Image-text web data:

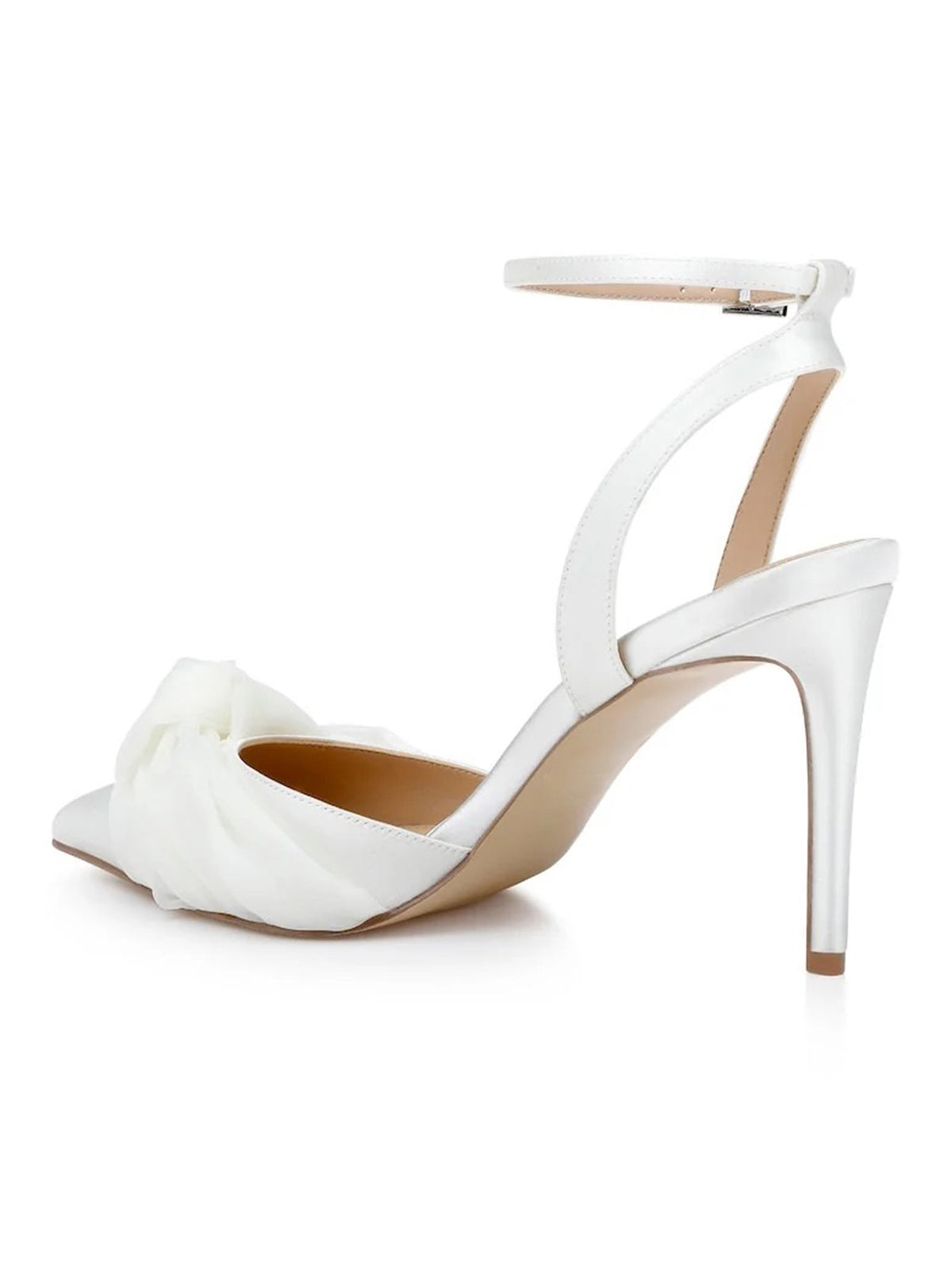 White Satin Pointed-Toe Front Soft Knot Slingback Ankle Strap High Heels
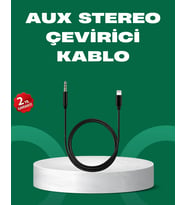Lightning To 3.5mm Aux Ses Dönüştürücü Kablo 1 Metre Stereo Uyumlu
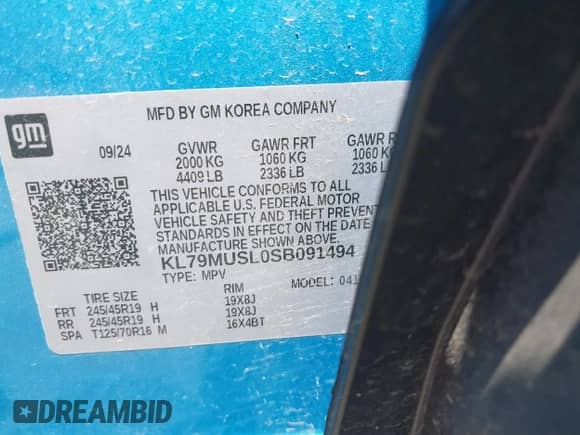 2025 Chevrolet TrailBlazer RS с VIN KL79MUSL0SB091494, выставлен на аукционе IAAI как лот 42424482 с пробегом 2 998 миль миль и . История ставок и продаж доступна на DreamBid. Изображение 9.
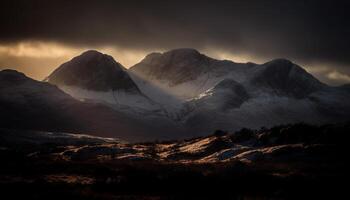 majestuoso montaña rango, nieve tapado cima, tranquilo prado generado por ai foto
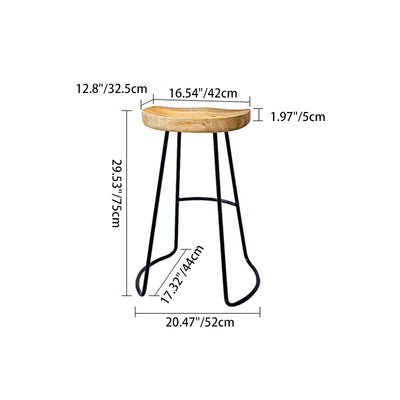 Zeitgenössischer nordischer Esszimmerstuhl aus massivem Holz und Eisen ohne Rückenlehne und Armlehnen für das Esszimmer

> _What you will do_: Nothing but the lines from the one containing "2025 Chevrolet TrailBlazer" through the last line of the data should appear in the answer, copied exactly, with pictures excluded.

> _Solution for this task_:
 2025 Chevrolet TrailBlazer RS с VIN KL79MUSL0SB091494, выставлен на аукционе IAAI как лот 42424482 с пробегом 2 998 миль миль и . История ставок и продаж доступна на DreamBid. Изображение 9.
 majestuoso montaña rango, nieve tapado cima, tranquilo prado generado por ai foto
 Zeitgenössischer nordischer Esszimmerstuhl aus massivem Holz und Eisen ohne Rückenlehne und Armlehnen für das Esszimmer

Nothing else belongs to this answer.